Congress didn't officially tell Detroit's automakers to "drop dead" Thursday, but it came close.
Around 11 a.m., the industry lost its staunchest defender, Rep. John Dingell, D-Dearborn, to an intraparty squabble symbolizing a war between liberal Democrats tied to anti-Detroit environmental groups and more conservative members allied with the United Auto Workers in the Rust Belt. The environmental wing won.
An hour later, General Motors Corp. Chairman Rick Wagoner says he was encouraged to see on the TV news that the so-called "auto state senators," led by Michigan's Carl Levin, D-Detroit, had reached a bipartisan compromise that would speed a publicly financed $25 billion in "bridge loans" to the automakers.
Two hours later, there was Senate Majority Leader Harry Reid, D-Nev., and Speaker Nancy Pelosi, D-Calif., saying no, not yet.

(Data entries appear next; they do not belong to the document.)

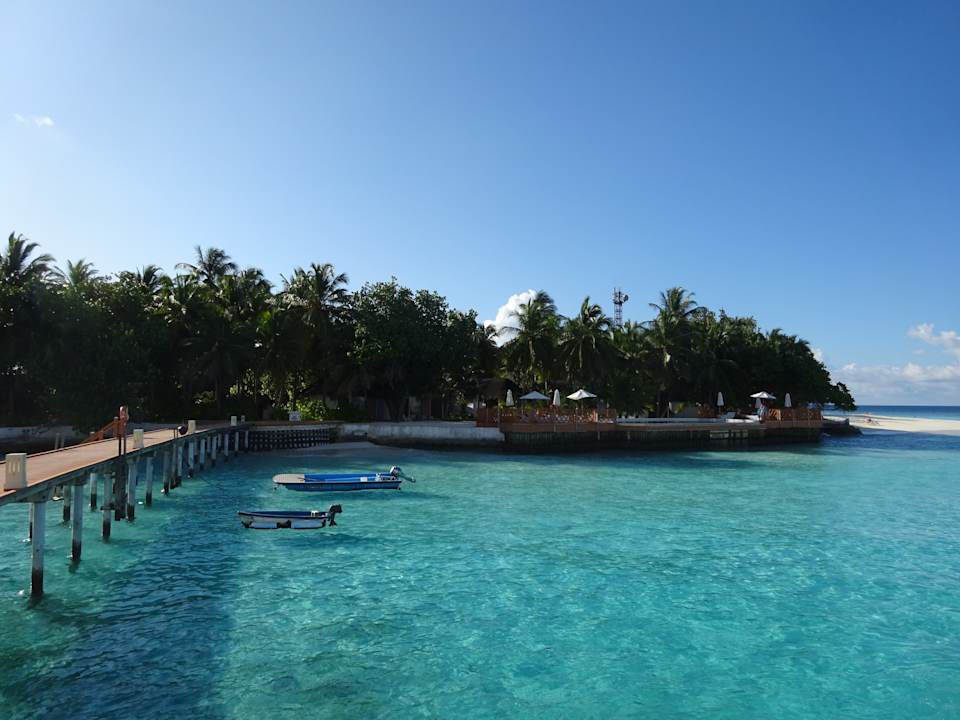 Außenansicht Thulhagiri Island Resort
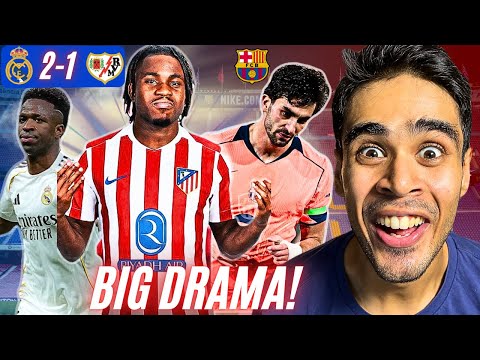 Barca ready for a big player! Real Madrid win after controversial plan. Lookman to Atletico Madrid.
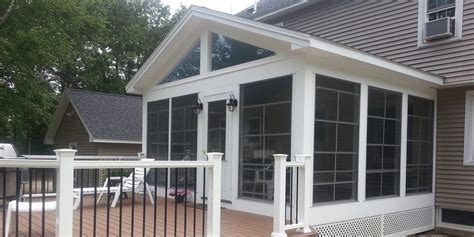 Open the vinyl windows to. Eze-Breeze screen porch - The Eze-Breeze Online Store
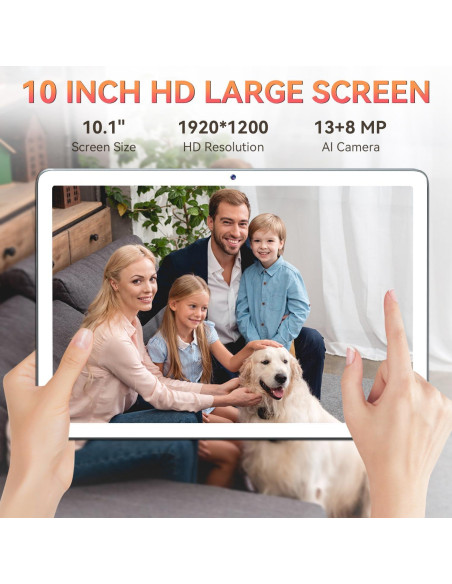 Tableta Android 14 FEONAL 10.1" 128GB 14GB RAM 5G Tableta Android 14 FEONAL 10.1" 128GB 14GB RAM 5G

Detroit's CEOs, fresh from their lackluster performance in the world's biggest political fishbowl, would need to submit plans to Congress demonstrating their viability in exchange for the cash.

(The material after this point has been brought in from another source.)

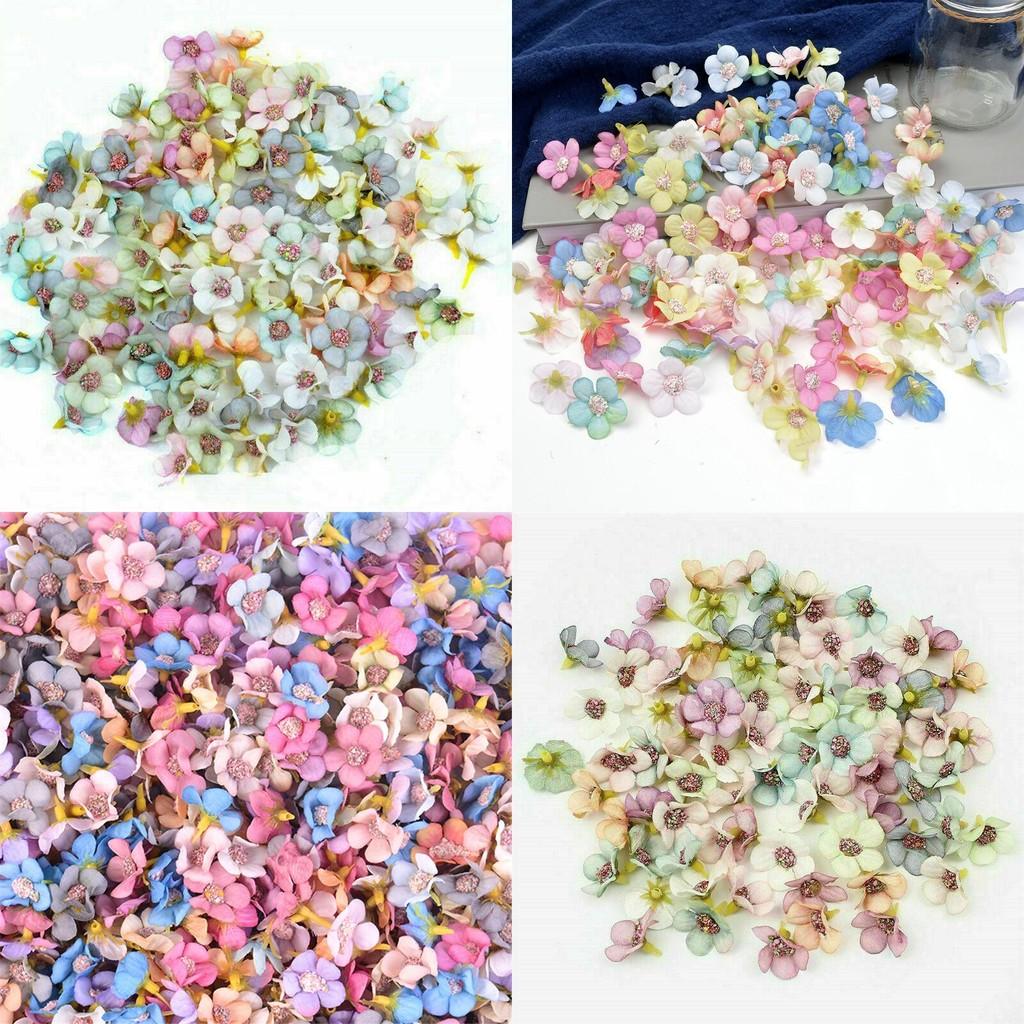 Mini Silk Daisy Flower Heads For Home Wedding Craft Party Decorations Special Characters Included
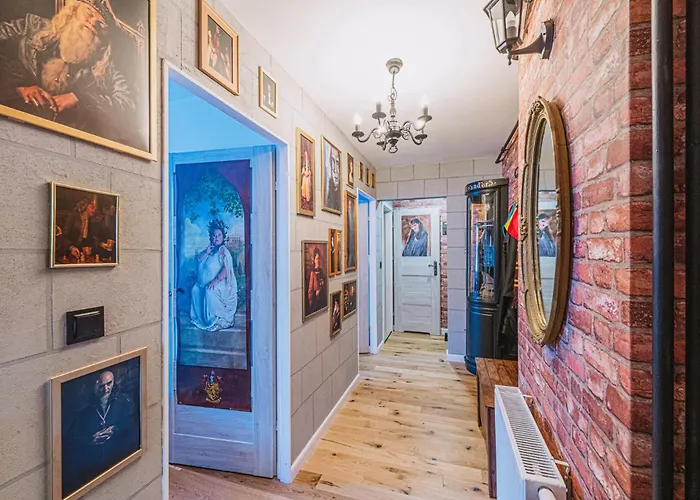 The Chamber Of Magic - Magiczna Komnata Apartamento *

Talk about a smackdown. Prepared testimony, two days of hearings before a national audience and the Congress of the United States essentially says "not good enough" to Detroit's automakers. Then it says committee chairs with the names Dodd, D-Conn., and Frank, D-Mass., will bless -- or reject -- your turnaround plans, effectively setting the course for the American-owned auto industry for years to come.

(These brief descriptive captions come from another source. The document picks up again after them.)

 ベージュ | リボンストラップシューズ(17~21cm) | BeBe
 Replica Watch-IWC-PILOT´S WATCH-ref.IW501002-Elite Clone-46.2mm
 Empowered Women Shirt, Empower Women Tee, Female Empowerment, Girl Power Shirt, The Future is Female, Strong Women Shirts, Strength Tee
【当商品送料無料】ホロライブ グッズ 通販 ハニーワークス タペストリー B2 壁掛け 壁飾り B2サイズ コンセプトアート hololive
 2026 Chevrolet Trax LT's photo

Yikes. But Congress also said this: You didn't bolster your credibility this week as much as you need to if you want a bailout. We'll give you another shot at this because we're in power and we don't want you to go bankrupt. So don't screw it up.
Big Three needs to dig out
As scary as this is for what it says about the a) deep, potentially fatal sickness afflicting Detroit's automakers and b) the deeply sickening injection of politicians and their arcane agendas into business planning, it shouldn't be entirely surprising. The Big Three bosses mostly bombed in two days of testimony on Capitol Hill and their near-term financial prospects are even worse.
Instead of giving skeptical members of Congress good reasons to green-light plans to approve billions in direct loans to GM, Ford Motor Co. and Chrysler LLC, the CEOs muffed questions about their pay -- and that was just the beginning.
United Auto Workers President Ron Gettelfinger forgot he wasn't talking to a Michigan Legislature accustomed to the union's '70s-era riffs on "sacrifice." This is a country where 7.5 percent of the private-sector workforce is unionized, hardly evidence of a majority.
But the CEOs? They muffed it worse, first by walking into a cheap political trap about the use of corporate aircraft. They failed to show how their companies would revive with the help of taxpayer money. And they showed a stunning misunderstanding of symbolism in an overtly political arena.
Symbols matter in bailout
"The importance of substance is critical," GM's Wagoner told The Detroit News on Thursday, "but the importance of symbol is, as well. We understand that."
Now? If these guys want to coalesce their troops and, perhaps, some of the general public around their government-financed rescues, they'll need to get serious about publicly eliminating some of the perks that most of corporate America lives without. They'll send a message and -- gasp! -- save some dough in the process.
Where was Ford Motor Co.'s pledge to close its executive dining room? Why didn't General Motors Corp. pledge to suspend its executive-car programs, complete with free gas and insurance? Did any of the CEOs even consider flying to Washington on Northwest Airlines, preferably in the back of the plane?
Probably not, but I'm guessing they'll be reconsidering after the blowback this week.